Gestation requires an estimated 13–14 months, at intervals of 2.4 years. Calving reaches seasonal peaks in the winter in the eastern Pacific and in the summer and fall in the western Pacific. Females mature sexually at ages 8–10, and males at age 10–12. The oldest specimen reached 39.6 years.

Risso's dolphins have successfully been taken into captivity in Japan and the United States, although not with the regularity of bottlenose dolphins or orcas.

Recent studies have shown a possibility of hybridization occurrences between Risso's dolphins and bottlenose dolphins. So far, possible hybrid individuals have been documented in United Kingdom waters. Hybridization is not uncommon with cetaceans, so these hybrids likely do not have any evolutionary advantage, but instead are more likely an uncommon chance event.

===Human interactions===
Like other dolphins and marine animals, these dolphins getting caught in seine nets and gillnets have been documented across the globe. Many of these incidents have resulted in death. Small whaling operations have also been cause of some of these deaths. Pollution has also affected many individuals that have ingested plastic. Samples from these animals show contamination within their tissues.

Increasing oceanic noise due to human presence threatens populations of Risso's dolphins. The intensity of anthropogenic noise can push dolphins to strand themselves and to leave their typical habitats. Evidence shows that motorized vessels create low-frequency noise that disrupts typical acoustic behavior, which is measured by the regular click trains, buzzes, pulses, and barks. The click trains produced by Risso's dolphins are necessary for them to navigate through their environment and identify prey. Barks are more often used in social settings.

In Ireland, though not apparently in England, Risso's dolphin was one of the royal fish, which by virtue of the royal prerogative, were the exclusive property of the English Crown.

A famed individual named Pelorus Jack was widely reported between 1888 and 1912, travelling with ships navigating the Cook Strait in New Zealand.
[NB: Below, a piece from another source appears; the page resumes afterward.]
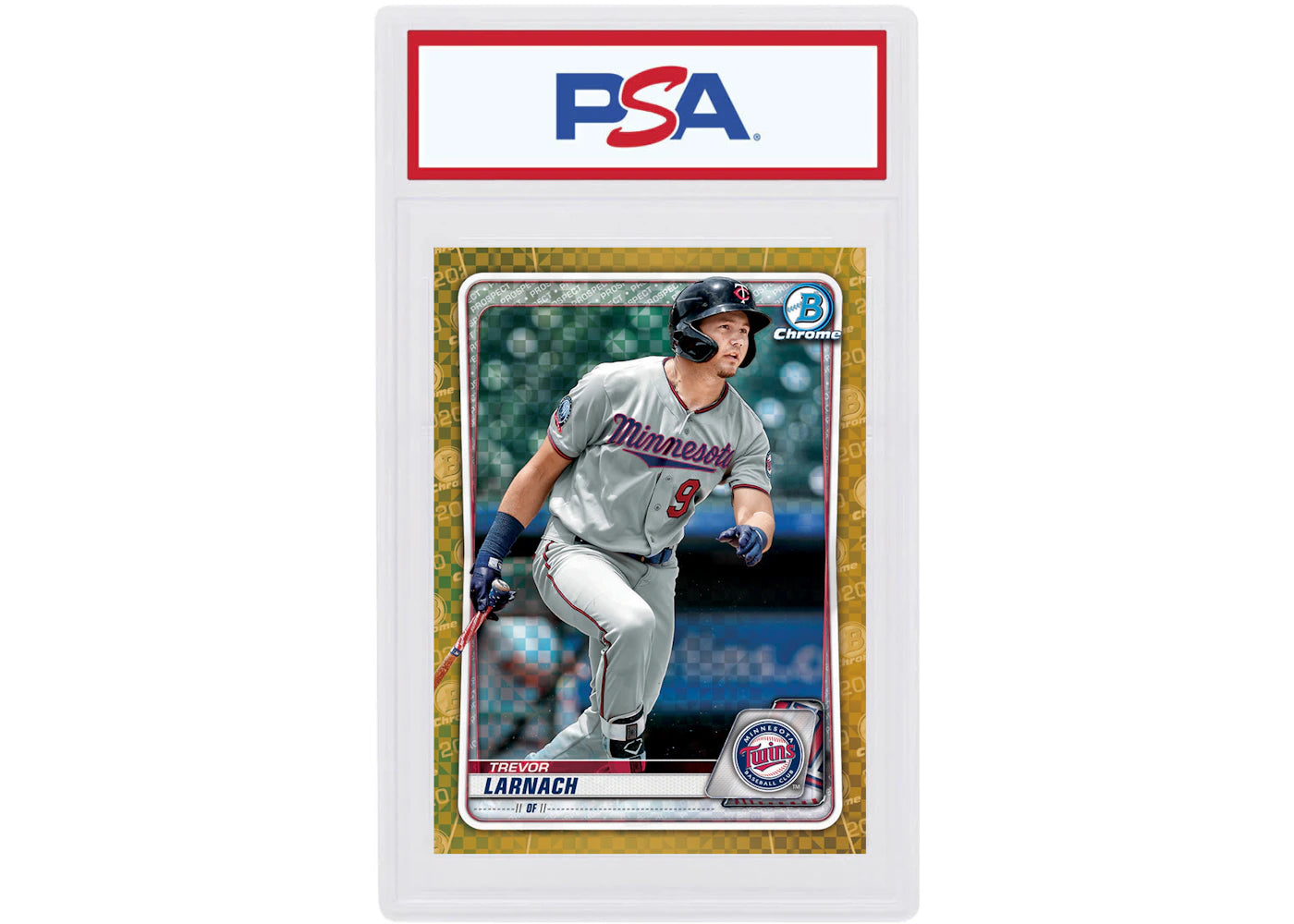 Trevor Larnach 2020 Bowman Chrome X Gold X-Fractor /3 #BCP-249 (PSA or BGS Graded)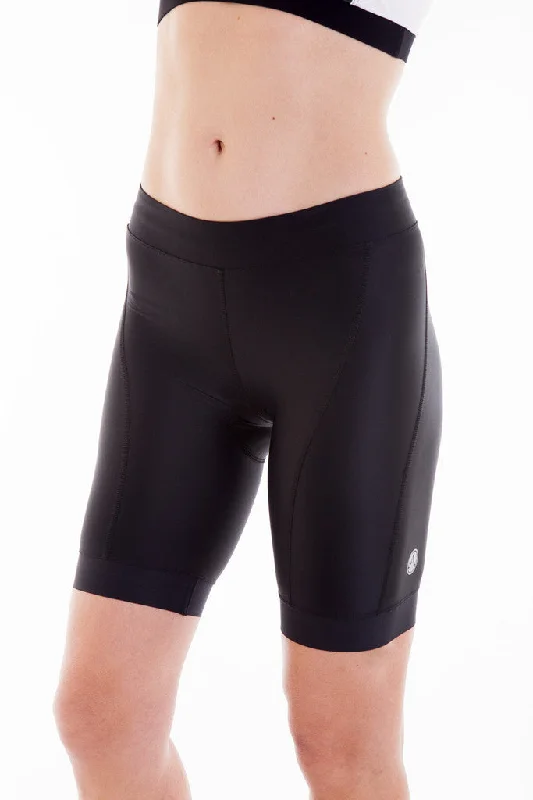 Alii Lifestyle Giada Black Compression Bike Short - 9 Inch (X-Large)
A law protecting the animal was passed after a public outcry, renewed twice more, but suggested be invalid by its reference to fisheries acts that did not concern marine mammals.

==Conservation==
Risso's dolphin populations of the North, Baltic, and Mediterranean Seas are listed on Appendix II of the Convention on the Conservation of Migratory Species of Wild Animals (CMS), since they have an unfavourable conservation status or would benefit significantly from international co-operation organised by tailored agreements.

In addition, Risso's dolphin is covered by the Agreement on the Conservation of Small Cetaceans of the Baltic, North East Atlantic, Irish and North Seas (ASCOBANS), the Agreement on the Conservation of Cetaceans in the Black Sea, Mediterranean Sea and Contiguous Atlantic Area (ACCOBAMS), the Memorandum of Understanding for the Conservation of Cetaceans and Their Habitats in the Pacific Islands Region (Pacific Cetaceans MoU) and the Memorandum of Understanding Concerning the Conservation of the Manatee and Small Cetaceans of Western Africa and Macaronesia (Western African Aquatic Mammals MoU).

Risso's dolphins are protected in the United States under the Marine Mammal Protection Act of 1992. Currently, Japan, Indonesia, the Solomon Islands, and The Lesser Antilles hunt Risso's dolphins.

==Strandings==
At least one case report of strandings in Japan's Goto Islands has been associated with parasitic neuropathy of the eighth cranial nerve by a trematode in the genus Nasitrema. A juvenile male Risso's dolphin reportedly was stranded alive on the coast of Gran Canaria on 26 April 2019. This was the first documented case of capture myopathy and stress cardiomyopathy in a male juvenile Risso's dolphin that has received rehabilitation.